Houck allegedly tried to thwart firefighters’ efforts to reach the home by blocking his driveway with his vehicle and a downed tree, police said, and he was armed with a .380-caliber Ruger handgun when he walked up to police at the scene. Police said Houck had a beer in his hand, appeared intoxicated and ultimately struggled with police.
Heller said the investigation, which includes the state police fire marshal, is continuing.
“The gun he had on him wasn’t registered to him, so we’ll be amending the charges,” Heller said, adding Houck was not permitted to possess a handgun because of a mental health commitment last year. Heller also said numerous guns owned by Houck remain unaccounted for.
Houck’s arrest papers offer a glimpse of his state of mind on Sunday. Police said Houck called his brother, Harry Houck, on Sunday and told him Sunday was “going to be the day it all ends.” Police said the brother told investigators Houck was depressed because of his upcoming divorce, and a neighbor told officers that Houck walked up to him on Sunday and said he wanted to thank him for being a good neighbor and to say goodbye.
The neighbor said Houck was drinking beer, which he said was not typical, and after Houck said goodbye, he walked back over to his property and began cutting down a row of pine trees.
On Monday, Heller said police were still not sure of Houck’s intentions in cutting down the trees, but doing so allowed him to see emergency responders arriving at the scene.

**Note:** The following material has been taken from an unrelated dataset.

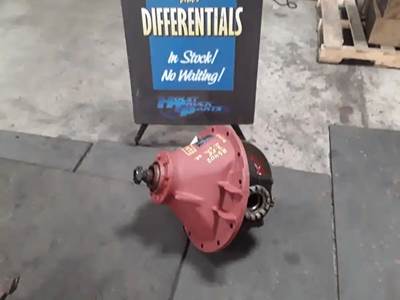 Eaton RS402 Rear Differential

Houck’s estranged wife’s attorney, Joel C. Seelye, suggested Monday that because the fire and hearing were so close in time, it could have been a motive for Houck to burn down the house in which he lived. But Seelye said he couldn’t speculate what led Houck to destroy the home.
According to Houck’s estranged wife, Deborah, the couple had been separated for nearly three years, but the two were still battling over how to divide the marital assets.
Houck’s attorney, Jeffery A. Muriceak, confirmed there was a hearing scheduled – it has now been canceled – but he said he hasn’t had contact with Houck for several days and would not comment on Houck’s recent frame of mind.
When asked if the divorce was contentious, Muriceak said the couple has been separated for a long period of time.
On Monday afternoon, a protection-from-abuse order against Houck was filed in Blair County prothonotary’s office. The temporary order was granted by Blair County Judge Elizabeth Doyle. In the request for protection, Deborah Houck said her husband mentally abused her and threatened to harm her and her family. The PFA signed by Doyle bars Houck from harassing or threatening his wife and prohibits him from contacting her.
Houck’s wife said Sunday that he intentionally burned down the house, and she pointed out he was carrying a loaded pistol when police arrived. She said he had threatened suicide.
Six months ago, she said he left a threatening message on her phone stating, “I’m outside: How does it feel to know you are going to die?”
Seelye said that at one stage of the divorce proceeding, Houck’s ownership of a gun became an issue but no further action was taken after he said that he had sold the weapon.
He also said the fire complicates the attempts to settle the marital issue involving assets.
Houck is due to appear before Magisterial District Judge Steven Jackson on Thursday for a preliminary hearing.